* [Action item] There is one span to output from the data below: the lines starting at the line with "Папоротник комнатный Асплениум Парвати" and ending at the line with "Pothos 'N'joy' Indoor". Output it exactly, ends included, nothing more.

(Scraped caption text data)
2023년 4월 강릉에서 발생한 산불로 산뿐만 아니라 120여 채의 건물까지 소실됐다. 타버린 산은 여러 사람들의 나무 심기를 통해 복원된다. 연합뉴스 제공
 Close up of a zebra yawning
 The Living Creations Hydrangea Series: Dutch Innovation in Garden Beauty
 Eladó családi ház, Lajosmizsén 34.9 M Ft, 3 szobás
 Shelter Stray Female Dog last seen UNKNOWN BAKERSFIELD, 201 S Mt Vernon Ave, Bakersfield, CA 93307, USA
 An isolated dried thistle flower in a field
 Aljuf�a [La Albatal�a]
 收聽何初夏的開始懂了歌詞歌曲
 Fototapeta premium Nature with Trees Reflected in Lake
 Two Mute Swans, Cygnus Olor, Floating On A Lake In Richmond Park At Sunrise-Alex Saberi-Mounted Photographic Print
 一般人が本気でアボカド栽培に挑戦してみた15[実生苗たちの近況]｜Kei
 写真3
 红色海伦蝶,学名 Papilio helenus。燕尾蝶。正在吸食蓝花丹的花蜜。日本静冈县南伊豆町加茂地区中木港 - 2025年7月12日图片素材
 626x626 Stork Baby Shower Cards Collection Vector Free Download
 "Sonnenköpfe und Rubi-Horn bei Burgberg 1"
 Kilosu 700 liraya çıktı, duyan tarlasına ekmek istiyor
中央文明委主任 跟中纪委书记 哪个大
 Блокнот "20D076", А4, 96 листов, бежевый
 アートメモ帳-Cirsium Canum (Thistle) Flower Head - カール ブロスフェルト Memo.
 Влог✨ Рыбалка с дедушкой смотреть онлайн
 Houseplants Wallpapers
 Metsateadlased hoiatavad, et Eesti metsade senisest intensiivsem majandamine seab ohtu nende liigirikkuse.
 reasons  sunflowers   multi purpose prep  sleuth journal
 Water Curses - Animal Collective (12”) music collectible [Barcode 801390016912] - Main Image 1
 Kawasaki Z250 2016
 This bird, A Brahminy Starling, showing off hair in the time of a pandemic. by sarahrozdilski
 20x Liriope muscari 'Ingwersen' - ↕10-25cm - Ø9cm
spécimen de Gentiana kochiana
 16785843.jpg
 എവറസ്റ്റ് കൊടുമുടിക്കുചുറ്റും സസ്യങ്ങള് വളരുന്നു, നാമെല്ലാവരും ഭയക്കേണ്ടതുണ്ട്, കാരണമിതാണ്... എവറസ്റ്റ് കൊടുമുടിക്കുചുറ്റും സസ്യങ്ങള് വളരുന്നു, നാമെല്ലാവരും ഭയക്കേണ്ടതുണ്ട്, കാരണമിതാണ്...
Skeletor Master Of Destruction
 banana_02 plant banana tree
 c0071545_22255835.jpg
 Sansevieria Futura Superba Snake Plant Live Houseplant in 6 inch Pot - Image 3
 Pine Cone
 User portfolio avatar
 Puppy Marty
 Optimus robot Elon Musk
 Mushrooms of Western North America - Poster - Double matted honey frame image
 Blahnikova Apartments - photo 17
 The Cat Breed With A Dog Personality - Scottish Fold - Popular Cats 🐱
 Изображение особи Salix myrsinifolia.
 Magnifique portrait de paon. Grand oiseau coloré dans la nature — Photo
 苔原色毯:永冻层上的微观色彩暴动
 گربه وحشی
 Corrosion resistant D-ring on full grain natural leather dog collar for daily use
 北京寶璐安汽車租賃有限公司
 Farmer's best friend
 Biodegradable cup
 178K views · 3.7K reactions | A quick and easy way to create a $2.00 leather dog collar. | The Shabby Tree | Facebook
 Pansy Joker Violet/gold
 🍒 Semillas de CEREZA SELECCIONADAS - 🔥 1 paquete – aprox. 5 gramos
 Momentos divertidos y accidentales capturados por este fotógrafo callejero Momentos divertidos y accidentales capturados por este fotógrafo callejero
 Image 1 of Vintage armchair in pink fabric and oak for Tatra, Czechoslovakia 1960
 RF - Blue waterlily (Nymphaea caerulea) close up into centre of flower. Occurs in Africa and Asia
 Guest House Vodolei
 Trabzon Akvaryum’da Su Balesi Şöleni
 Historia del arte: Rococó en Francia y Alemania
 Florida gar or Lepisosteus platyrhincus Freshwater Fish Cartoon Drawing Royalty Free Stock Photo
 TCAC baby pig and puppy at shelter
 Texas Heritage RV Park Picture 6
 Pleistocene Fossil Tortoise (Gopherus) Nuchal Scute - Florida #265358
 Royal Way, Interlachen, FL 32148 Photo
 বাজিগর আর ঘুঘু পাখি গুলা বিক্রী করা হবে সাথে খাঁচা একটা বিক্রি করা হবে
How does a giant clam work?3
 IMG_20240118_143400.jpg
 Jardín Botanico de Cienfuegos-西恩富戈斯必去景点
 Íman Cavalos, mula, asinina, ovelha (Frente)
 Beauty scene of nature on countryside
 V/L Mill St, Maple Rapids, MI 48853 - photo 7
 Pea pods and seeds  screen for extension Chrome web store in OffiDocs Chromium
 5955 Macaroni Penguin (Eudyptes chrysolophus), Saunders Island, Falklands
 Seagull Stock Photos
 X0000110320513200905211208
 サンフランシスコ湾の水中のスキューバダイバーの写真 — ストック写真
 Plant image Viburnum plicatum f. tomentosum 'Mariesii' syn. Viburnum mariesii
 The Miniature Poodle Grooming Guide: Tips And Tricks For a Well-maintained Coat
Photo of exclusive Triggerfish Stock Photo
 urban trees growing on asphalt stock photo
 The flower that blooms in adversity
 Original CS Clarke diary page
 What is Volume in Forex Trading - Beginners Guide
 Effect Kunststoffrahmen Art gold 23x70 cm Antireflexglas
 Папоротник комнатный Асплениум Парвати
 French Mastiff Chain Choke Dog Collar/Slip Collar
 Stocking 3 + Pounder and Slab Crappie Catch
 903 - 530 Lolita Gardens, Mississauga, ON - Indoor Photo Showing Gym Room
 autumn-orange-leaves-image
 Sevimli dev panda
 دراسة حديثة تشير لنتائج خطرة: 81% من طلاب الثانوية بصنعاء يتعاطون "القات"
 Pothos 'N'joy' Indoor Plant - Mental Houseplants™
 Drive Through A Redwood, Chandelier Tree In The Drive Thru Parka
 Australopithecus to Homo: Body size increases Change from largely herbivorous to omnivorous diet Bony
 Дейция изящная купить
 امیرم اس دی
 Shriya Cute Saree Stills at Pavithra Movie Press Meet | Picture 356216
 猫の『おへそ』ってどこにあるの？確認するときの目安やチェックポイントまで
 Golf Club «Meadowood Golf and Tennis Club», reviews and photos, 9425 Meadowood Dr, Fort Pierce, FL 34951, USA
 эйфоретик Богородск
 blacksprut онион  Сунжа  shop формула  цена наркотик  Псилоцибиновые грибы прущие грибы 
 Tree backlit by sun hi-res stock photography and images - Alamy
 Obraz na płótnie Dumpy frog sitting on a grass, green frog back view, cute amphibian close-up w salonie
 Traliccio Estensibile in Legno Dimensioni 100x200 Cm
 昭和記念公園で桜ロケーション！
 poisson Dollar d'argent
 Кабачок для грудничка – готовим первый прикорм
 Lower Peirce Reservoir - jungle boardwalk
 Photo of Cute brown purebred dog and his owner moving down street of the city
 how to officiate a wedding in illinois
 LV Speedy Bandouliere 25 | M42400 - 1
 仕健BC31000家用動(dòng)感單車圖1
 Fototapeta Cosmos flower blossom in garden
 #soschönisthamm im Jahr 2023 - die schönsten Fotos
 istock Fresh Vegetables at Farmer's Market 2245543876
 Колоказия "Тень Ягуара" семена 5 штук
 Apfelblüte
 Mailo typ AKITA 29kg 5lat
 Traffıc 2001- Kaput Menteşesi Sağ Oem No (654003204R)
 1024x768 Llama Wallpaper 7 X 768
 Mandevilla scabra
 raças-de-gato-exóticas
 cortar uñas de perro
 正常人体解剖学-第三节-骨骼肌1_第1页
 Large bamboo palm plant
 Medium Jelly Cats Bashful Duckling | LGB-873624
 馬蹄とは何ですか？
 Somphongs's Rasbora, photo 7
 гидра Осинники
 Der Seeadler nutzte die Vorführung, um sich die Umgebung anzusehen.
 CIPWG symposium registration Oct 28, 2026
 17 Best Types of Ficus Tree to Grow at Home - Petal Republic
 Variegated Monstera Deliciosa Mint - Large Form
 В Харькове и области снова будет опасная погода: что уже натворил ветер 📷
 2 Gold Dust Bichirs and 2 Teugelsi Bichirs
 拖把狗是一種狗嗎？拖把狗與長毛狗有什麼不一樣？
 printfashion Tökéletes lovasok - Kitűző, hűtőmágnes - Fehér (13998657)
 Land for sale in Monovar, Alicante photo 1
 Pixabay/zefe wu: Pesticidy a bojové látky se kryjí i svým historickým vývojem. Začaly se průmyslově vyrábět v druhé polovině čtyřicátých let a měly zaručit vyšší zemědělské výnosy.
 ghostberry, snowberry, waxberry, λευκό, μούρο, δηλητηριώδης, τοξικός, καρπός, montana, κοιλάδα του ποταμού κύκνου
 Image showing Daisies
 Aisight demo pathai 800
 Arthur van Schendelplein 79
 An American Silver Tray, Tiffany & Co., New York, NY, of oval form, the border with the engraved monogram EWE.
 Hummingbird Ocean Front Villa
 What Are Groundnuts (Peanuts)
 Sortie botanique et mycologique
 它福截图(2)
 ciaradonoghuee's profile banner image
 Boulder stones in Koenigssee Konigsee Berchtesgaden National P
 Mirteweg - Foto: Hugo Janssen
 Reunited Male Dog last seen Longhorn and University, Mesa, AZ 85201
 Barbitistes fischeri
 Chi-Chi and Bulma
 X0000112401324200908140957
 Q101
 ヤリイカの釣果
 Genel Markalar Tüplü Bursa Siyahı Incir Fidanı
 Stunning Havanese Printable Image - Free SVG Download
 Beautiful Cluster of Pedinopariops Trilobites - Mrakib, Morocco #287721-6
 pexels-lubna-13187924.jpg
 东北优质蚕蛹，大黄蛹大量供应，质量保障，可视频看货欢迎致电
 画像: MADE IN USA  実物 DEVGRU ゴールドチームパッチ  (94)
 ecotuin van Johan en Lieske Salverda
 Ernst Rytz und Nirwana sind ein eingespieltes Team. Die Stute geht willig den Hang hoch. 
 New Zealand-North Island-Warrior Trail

* [Solution for this task]
 Папоротник комнатный Асплениум Парвати
 French Mastiff Chain Choke Dog Collar/Slip Collar
 Stocking 3 + Pounder and Slab Crappie Catch
 903 - 530 Lolita Gardens, Mississauga, ON - Indoor Photo Showing Gym Room
 autumn-orange-leaves-image
 Sevimli dev panda
 دراسة حديثة تشير لنتائج خطرة: 81% من طلاب الثانوية بصنعاء يتعاطون "القات"
 Pothos 'N'joy' Indoor Plant - Mental Houseplants™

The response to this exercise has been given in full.